Arranged marriages are commonplace in India and even though instances of couples marrying for love are growing, especially in urban areas, 90% of all marriages in the country are still arranged.
Traditionally, matchmaking has been the job of family priests, relatives and neighbourhood aunties. Parents also trawl through matrimonial columns in newspapers to find a suitable match for their children.
Over the years, thousands of professional matchmakers and hundreds of matrimonial websites have joined the hunt.
But what has come as a surprise to many here is that affluent, successful, independent Indian-Americans are also willing to try “methods from the past” and rely on the wisdom of someone like “Sima aunty” to find them a match.

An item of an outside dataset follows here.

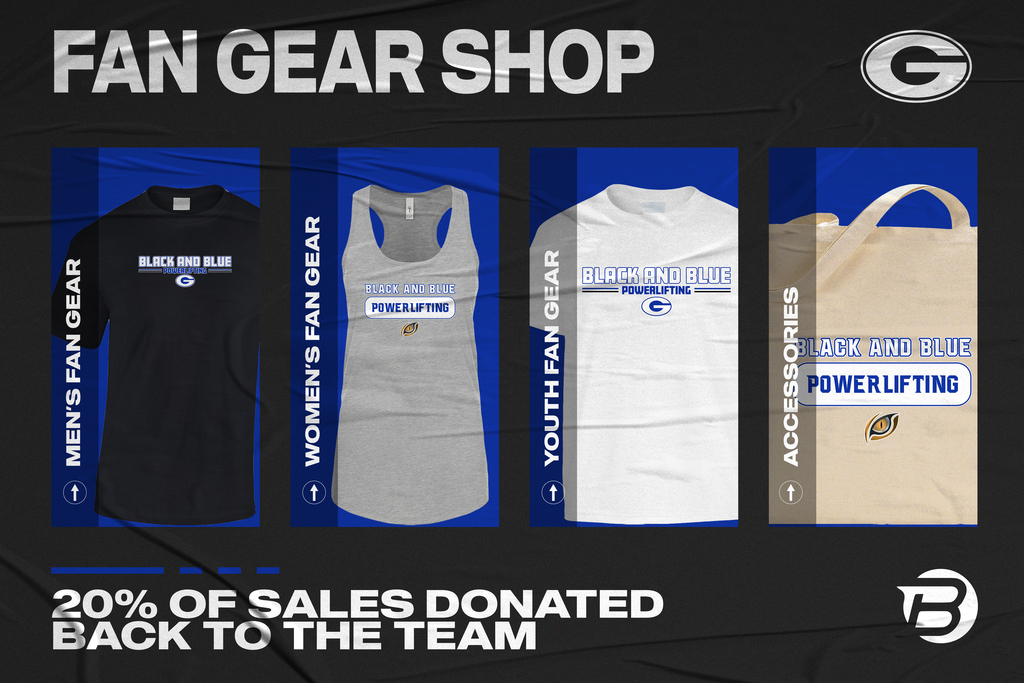 Your store is live! Shop your Fan Gear here: https://stores.blastteamgear.com/GOHSPO365KS/shop/home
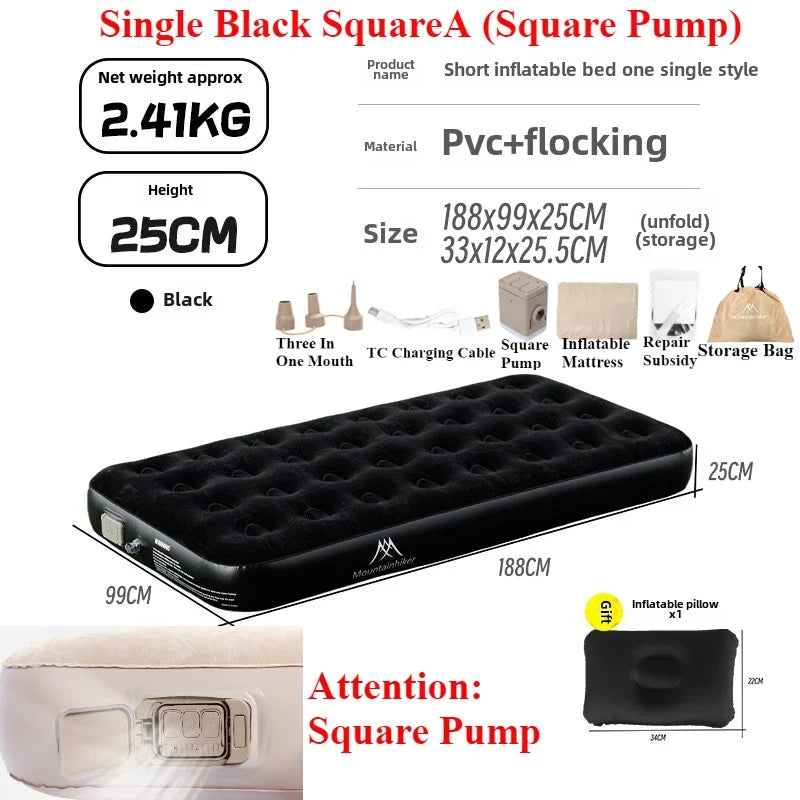 MOUNTAINHIKER 2025 Interior Air Mattress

Many of them also come with long shopping lists that include caste and religious preferences.
“As an educated, liberal, middle-class Indian woman who does not view marriage as an essential part of life, I watched Indian Matchmaking like an outsider looking in on an alien world,” journalist and film critic Anna MM Vetticad told the BBC.
Arranged marriages, she says, are “a practical Indian version of the dating game in the West and to that extent this show can be educational since it does not condescendingly suggest that one is a more modern practice than the other.”
Ms Vetticad describes Indian Matchmaking as “occasionally insightful” and says “parts of it are hilarious because Ms Taparia’s clients are such characters and she herself is so unaware of her own regressive mindset”.
But an absence of caveats, she says, makes it “problematic”.
In the show, Ms Taparia is seen describing marriage as a familial obligation, insisting that “parents know best and must guide their children”. She consults astrologers and even a face reader over whether a match would be auspicious or not, and calls her clients – mostly independent women – “stubborn”, telling them to “compromise” or “be flexible” or “adjust” if they are to find a mate.
She also regularly comments on their appearance, including one instance where she describes a woman as “not photogenic”.
No wonder, then, that critics have called her out on social media for promoting sexism, and memes and jokes have been shared about “Sima aunty” and her “picky” clients.
Some have also criticised the show for glossing over how the process of arranged marriages has scarred many women permanently.
One woman described on Twitter how she felt like chattel being paraded before prospective grooms and the show brought back painful memories.
“The whole process of bride viewing is so demeaning for a woman because she’s being put on display, she’s being sized up,” Kiran Lamba Jha, assistant professor of sociology at Kanpur’s CSJM university, told the BBC.
“And it’s really traumatic for her when she is rejected, sometimes for trivial reasons like skin colour or height,” Prof Lamba Jha added.
On the show, one Indian mother tells Ms Taparia that she has been receiving lots of proposals for her son but had rejected them all because either the girl was “not well educated” or because of her “height”.
And an affluent bride-seeking man reveals he has rejected 150 women.
The show does not question these prejudices but, as some point out, what it does do is hold up a mirror – a disturbing reminder of patriarchy and misogyny, casteism and colourism.
And, as writer Devaiah Bopanna points out in an Instagram post, that is where its true merit lies.
“Is the show problematic? Reality is problematic. And this is a freaking reality show,” he writes.